DATA EXCERPTS:
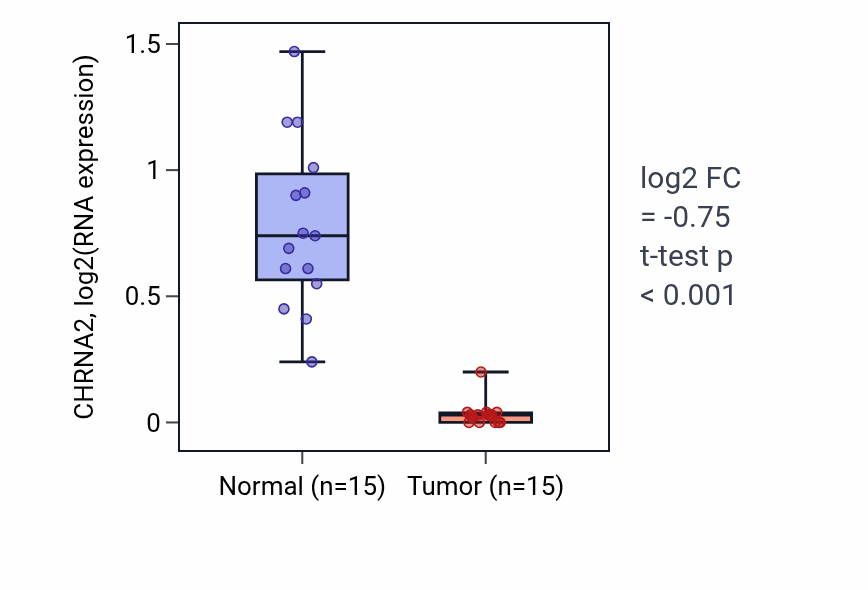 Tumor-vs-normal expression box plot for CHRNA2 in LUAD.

* * *

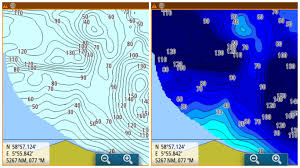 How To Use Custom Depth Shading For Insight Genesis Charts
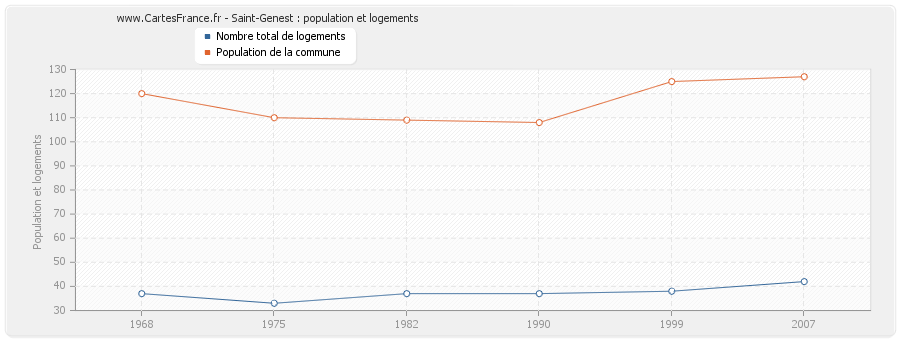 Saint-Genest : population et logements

EXERCISE DETAILS: Treat the line with "How To Use Custom" as the start and the line with "Saint-Genest : population et logements" as the end, and return exactly that span of the data above, both ends included, without pictures.

ANSWER TO THIS TASK:
 How To Use Custom Depth Shading For Insight Genesis Charts
 Saint-Genest : population et logements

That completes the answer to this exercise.